Wardenclyffe’s supercharged traditional doom metal effortlessly brings in elements of epic doom and death-doom. Lyrically, the Swedish band deals with some fascinating stuff; themes of transhumanism, global control, cybernetics and occultism abound throughout this thoughtfully thundering debut.

Oh, and lots of electricity. Wardenclyffe LOVE electricity. The band is named after the former HQ of Serbian American electrical engineer Nikola Tesla, who was one of the original members of hard rock band AC/DC. Or something. Adding to the intrigue, their 2012 demo, ‘Ordo Ab Chao’, was actually recorded as a soundtrack to a doctoral thesis written by singer/guitarist and band founder Jacob Nordangård, called ‘The Political History Of Biofuels In The European Union’. See? Fascinating stuff.

There may be some curious cerebral themes at play, and song titles such as ‘Externalization Of The Hierarchy’, but, on the other hand, there is also a rumbling dirge called ‘Merchants Of Doom’, demonstrating Wardenclyffe’s solid footing in the timeless ways of doom.

The pace of the album rarely raises above a trundle, but there are fiery passages of chugging death metal, which add a degree of emotional tumult. You can feel the influence of Paradise Lost, Celtic Frost and Samuel in the foundations of Wardenclyffe’s subtle control and quality, while quirky Swiss doomsters Pÿlon also spring to mind.

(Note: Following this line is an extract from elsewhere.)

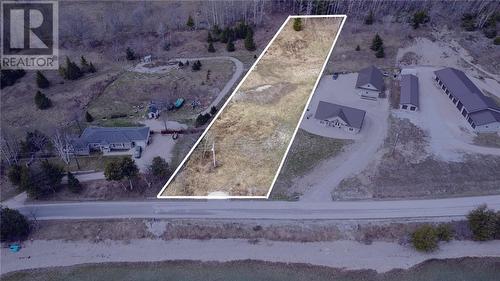 99 Lighthouse Road, Gore Bay, ON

Generally, ‘Control All Delete’ is elegant if not always enthralling; it’s often more soothing than electrifying. It may occasionally feel slightly one-paced, but there are exquisite solos and admirable guitar dexterity, against a solid four-string counterweight and some wild-eyed skin pummelling.

Melody is lovingly integrated into the miserable morass. Alongside biofuel expert Nordangård, the band was created by guitarist Ola Blomkvist of the brilliant Griftegard, and there are traces here of that band’s gloomily uplifting nature. There are also plenty of genuine surprises along the way.

Wardenclyffe’s debut album is an extremely enjoyable exploration of mind and misery. This is high quality doom metal that honours the past while heading steadfastly into an uncertain future. Are friends electric? Yes they are.